| Work to be completed |
In your transcription, keep every record exact and leave out the pictures.

| Material to process |
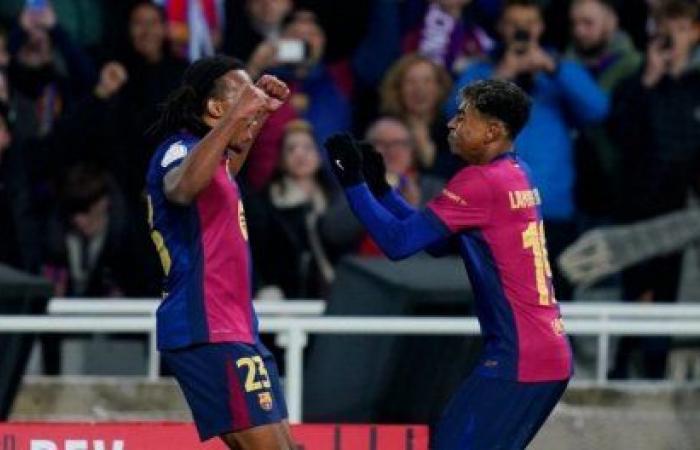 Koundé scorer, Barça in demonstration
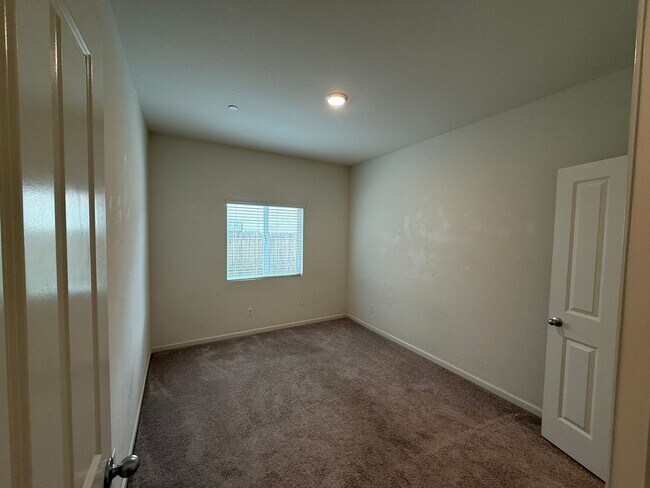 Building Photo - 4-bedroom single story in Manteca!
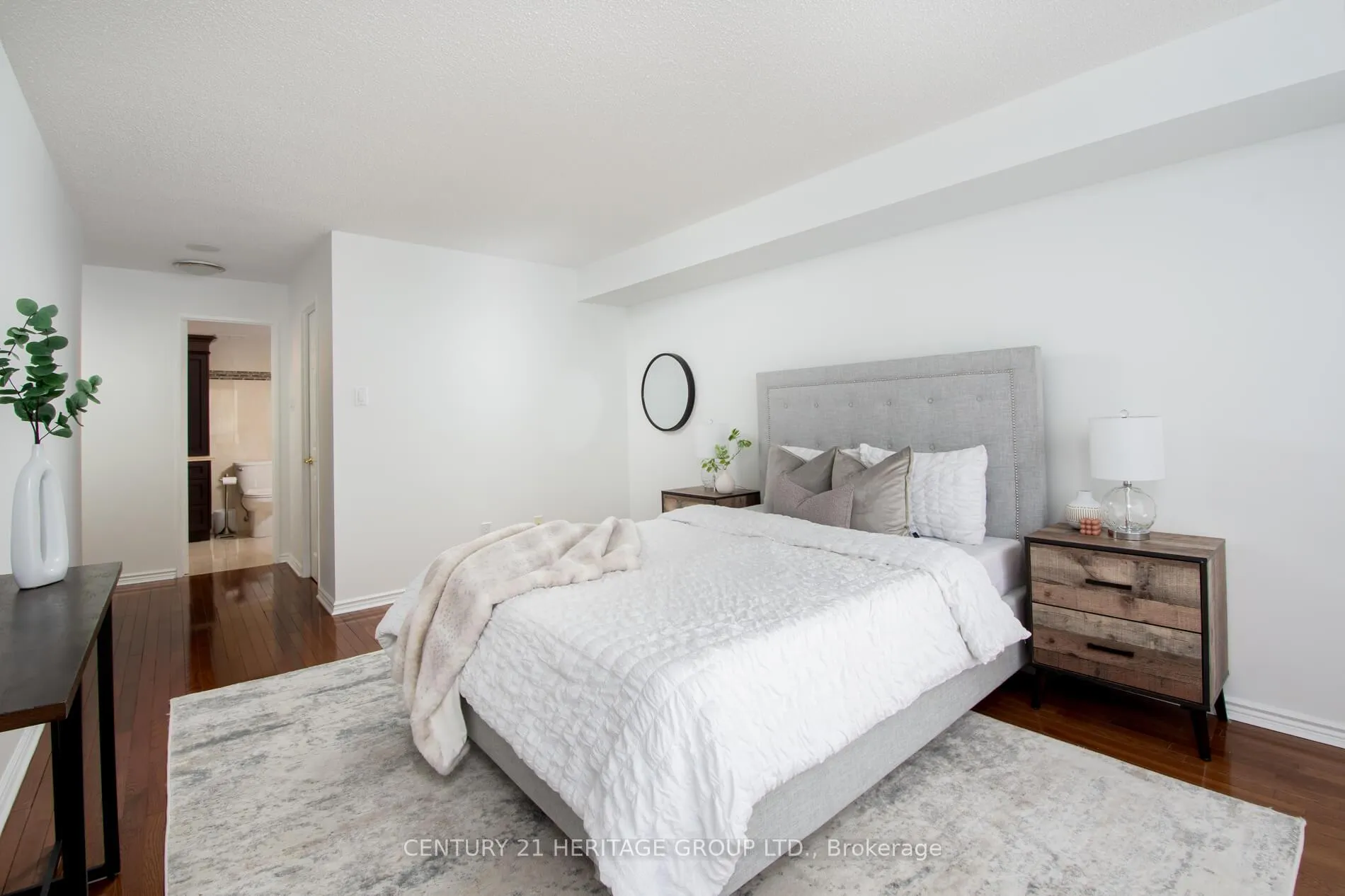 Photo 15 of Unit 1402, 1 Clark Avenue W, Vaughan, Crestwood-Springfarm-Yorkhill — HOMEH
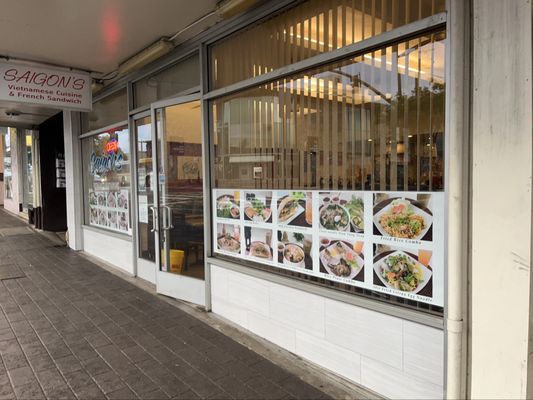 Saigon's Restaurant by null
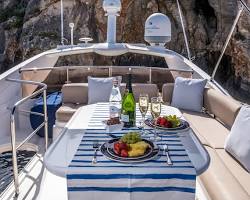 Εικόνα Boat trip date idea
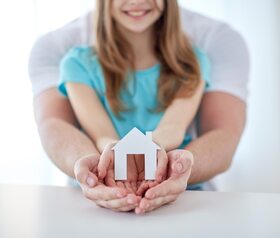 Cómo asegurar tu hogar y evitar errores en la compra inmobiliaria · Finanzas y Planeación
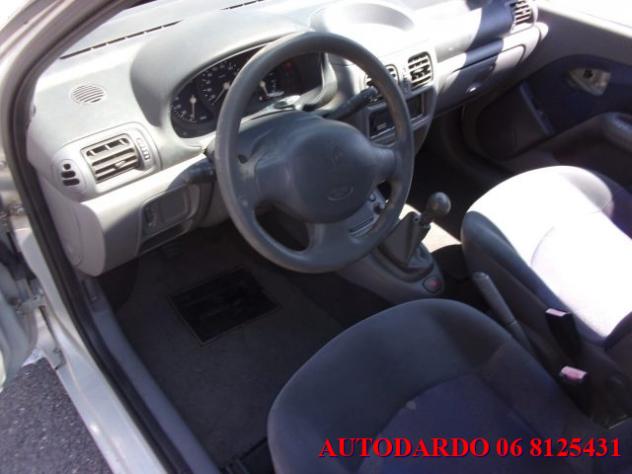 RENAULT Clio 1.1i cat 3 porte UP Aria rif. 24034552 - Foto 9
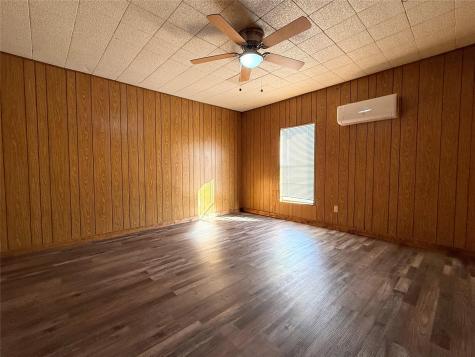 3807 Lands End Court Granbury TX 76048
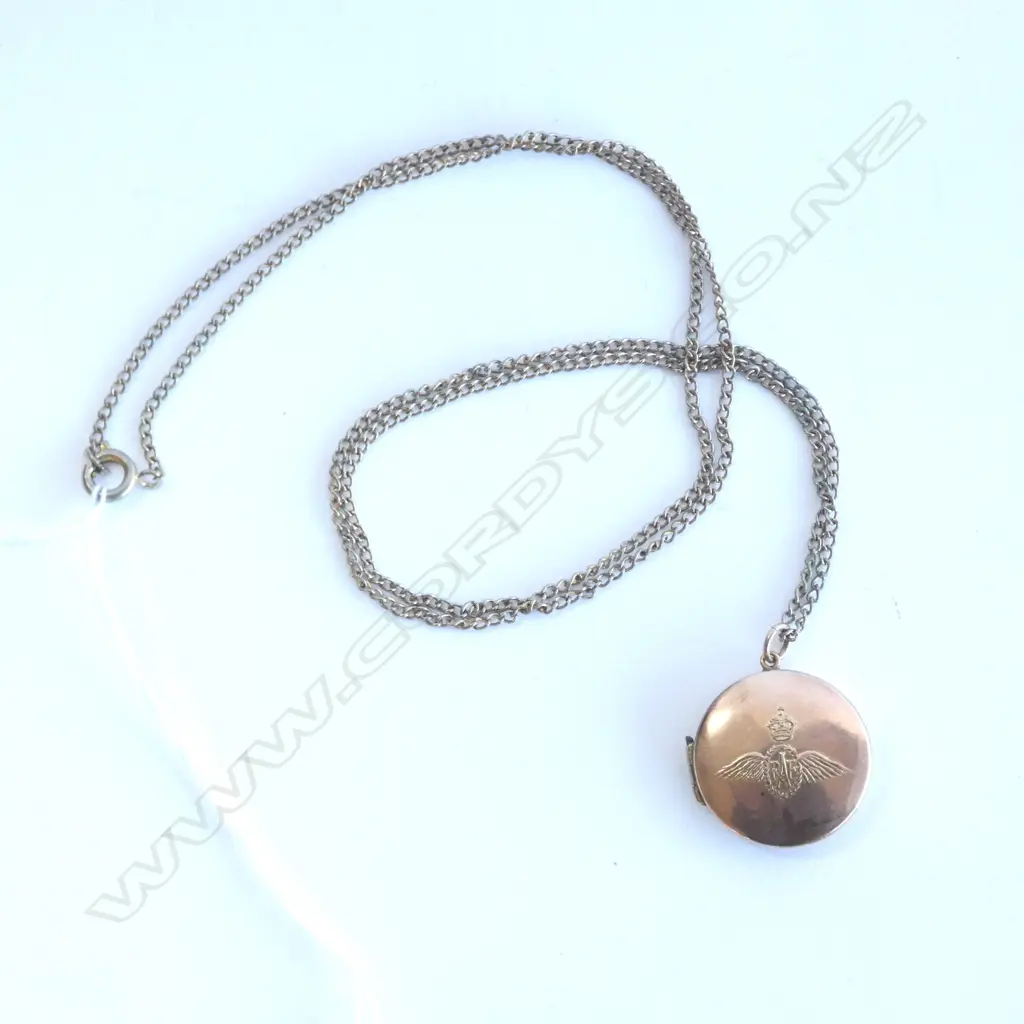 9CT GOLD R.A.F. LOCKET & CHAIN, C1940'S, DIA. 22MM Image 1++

| Exercise result |
 Koundé scorer, Barça in demonstration
 Building Photo - 4-bedroom single story in Manteca!
 Photo 15 of Unit 1402, 1 Clark Avenue W, Vaughan, Crestwood-Springfarm-Yorkhill — HOMEH
 Saigon's Restaurant by null
 Εικόνα Boat trip date idea
 Cómo asegurar tu hogar y evitar errores en la compra inmobiliaria · Finanzas y Planeación
 RENAULT Clio 1.1i cat 3 porte UP Aria rif. 24034552 - Foto 9
 3807 Lands End Court Granbury TX 76048
 9CT GOLD R.A.F. LOCKET & CHAIN, C1940'S, DIA. 22MM Image 1++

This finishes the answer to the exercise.